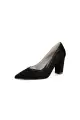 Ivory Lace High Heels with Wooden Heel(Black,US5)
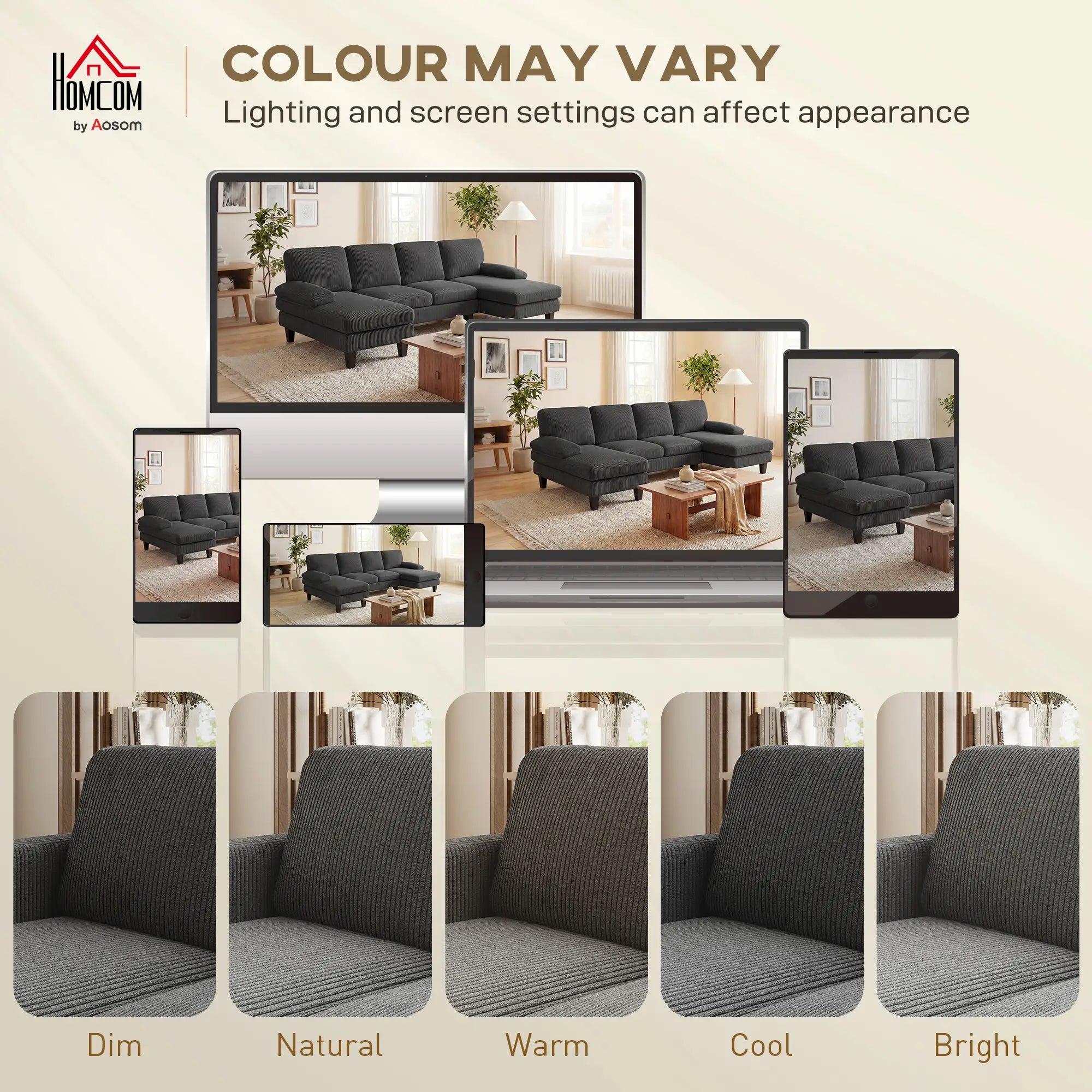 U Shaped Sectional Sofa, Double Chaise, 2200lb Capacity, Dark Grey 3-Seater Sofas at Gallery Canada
● ● ● ● ●
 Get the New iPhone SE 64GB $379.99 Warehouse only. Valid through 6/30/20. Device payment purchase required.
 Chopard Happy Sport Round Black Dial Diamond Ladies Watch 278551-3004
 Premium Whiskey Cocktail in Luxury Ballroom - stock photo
● ● ● ● ●
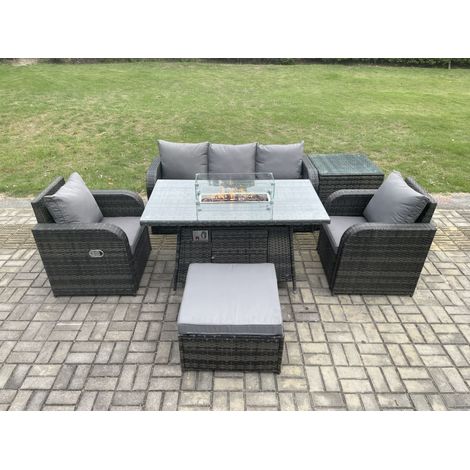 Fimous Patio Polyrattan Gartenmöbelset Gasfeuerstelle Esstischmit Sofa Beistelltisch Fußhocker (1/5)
● ● ● ● ●
## Task prompt
Retype, in the same exact form, the lines of the material above from the line holding "Chopard Happy Sport" through the line holding "Premium Whiskey Cocktail".

## Exercise response
 Chopard Happy Sport Round Black Dial Diamond Ladies Watch 278551-3004
 Premium Whiskey Cocktail in Luxury Ballroom - stock photo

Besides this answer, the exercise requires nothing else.